An LLP falling within the definition of “foreign company” would be required to register as an external company with the Companies and Intellectual Property Commission if it intends to conduct business or within 20 business days of first beginning to conduct business in South Africa. Section 23 of the Companies Act lists the following activities which will not, on their own, be regarded as conducting a business in South Africa:
- holding a meeting or meetings of the shareholders or board of the foreign company, or otherwise conducting the internal affairs of the company;
- establishing or maintaining any bank or other financial accounts;
- establishing or maintaining offices or agencies for the transfer, exchange or registration of the foreign company’s own securities;
- creating or acquiring any debts, mortgages or security interests in any property;
- securing or collecting any debt, or enforcing any mortgage or security interest; and
- acquiring any interest in any property.
However, if a number of the activities listed above are conducted in South Africa, one may need to consider if the LLP would need to register as an external company. On the other hand, the mere entering into contracts of employment in South Africa requires that an entity register as an external company.

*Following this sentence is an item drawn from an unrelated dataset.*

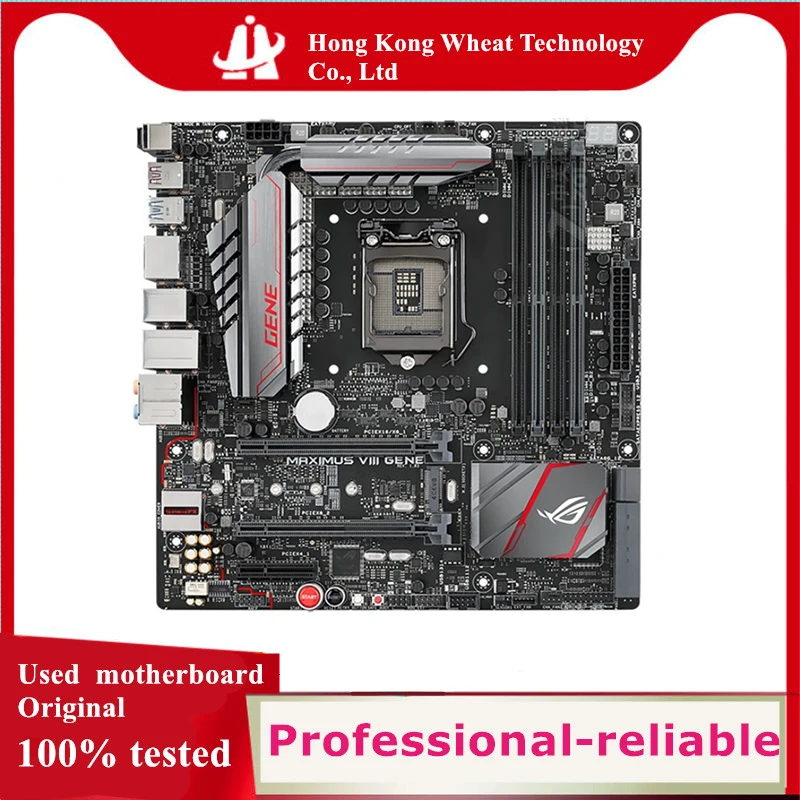 Intel-Z170 MAXIMUS VII GENE Placa-mãe, Original, LGA 1151, LGA1151, DDR4, 64GB, USB 2.0, USB 3.0, SATA3, Desktop Mainboard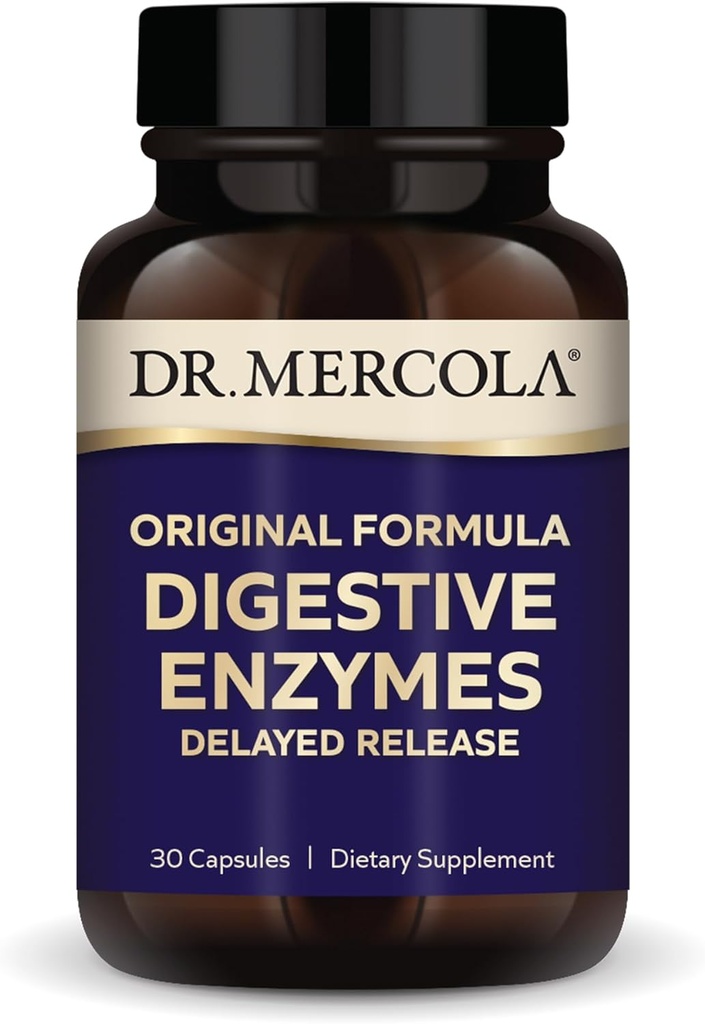 Dr. Mercola fordøjelsesenzymer, 0, 5 Ounce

It is important to note that the branch of an LLP that is registered as an external company will not be considered a separate legal entity but an extension of the LLP in South Africa. The LLP would remain one and the same legal entity registered in South Africa and in its place of incorporation. It would not have a Companies Act-regulated board of directors in South Africa, nor would the LLP have a separate existence from its foreign operations. Should the LLP registered as an external company be sued in South Africa, the LLP in its place of incorporation itself would be sued. Similarly, should the LLP be deregistered in its place of incorporation, the branch in South Africa would be deregistered too.